Oman’s state-owned firm OQ Trading has submitted the lowest bid in a tender to supply Pakistan with one spot LNG shipment in January.
State-owned Pakistan LNG launched this tender on November 20 seeking one 140,000 cbm cargo on a delivered ex-ship (DES) basis with the delivery window scheduled for January 8-9, 2024.
Four companies took part in the tender, including Vitol Bahrain, QatarEnergy Trading, and Trafigura, Pakistan LNG’s evaluation report dated November 24 shows.
OQ Trading submitted the most competitive bid for the January 8-9 delivery and the firm offered a price of $18.4600/MMBtu, the document shows.
Vitol Bahrain offered a price of $18.5800/MMBtu, QatarEnergy Trading offered a price of $19.4300/MMBtu, and Trafigura offered a price of $19.6400/MMBtu.
Prior to this tender, Pakistan LNG received offers from traders Trafigura and Vitol for two spot cargoes with deliveries on December 7-8 and December 13-14.
Trafigura was the only firm to submit an offer for the delivery on December 13-14 and it offered a price of $19.3900/MMBtu.
Vitol offered the lowest price of 15.9700/MMBtu for the December 7-8 delivery.
Media reports previously suggested that Pakistan LNG decided only to accept the offer from Vitol for the December 7-8 delivery.
Pakistan gets most of its supplies under long-term contracts from Qatar and on the spot market, however, last year prices surged and Europe took most of the available spot supplies.
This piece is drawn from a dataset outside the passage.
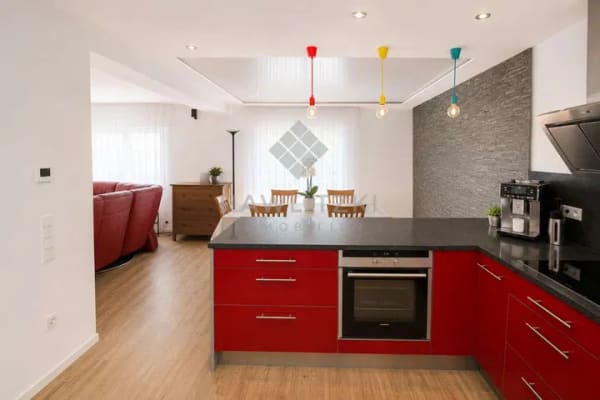 Immobilie in Rheinstetten - Viel Platz für Familie oder Generationen – Zweifamilienhaus mit saniertem EG & Solaranlage - Bild 4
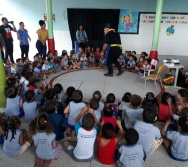 COLORIR - PROJETO CONTANDO HISTÓRIAS COLORINDO VIDAS - UMEI VILA VELHA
In July this year, Pakistan also signed a one-year deal to buy one LNG cargo per month from Azerbaijan’s Socar.
GIIGNL data shows that Pakistan’s LNG imports dropped by 16 percent to 6.91 million tons last year due to high prices.
The country imported almost all of these volumes under long-term contracts from Qatar, or some 6.10 million tons, the data shows.
Spot prices dropped considerably this year, prompting Pakistan and other Asian countries such as Bangladesh to return to buying spot LNG.
JKM for January is currently below $17/MMBtu.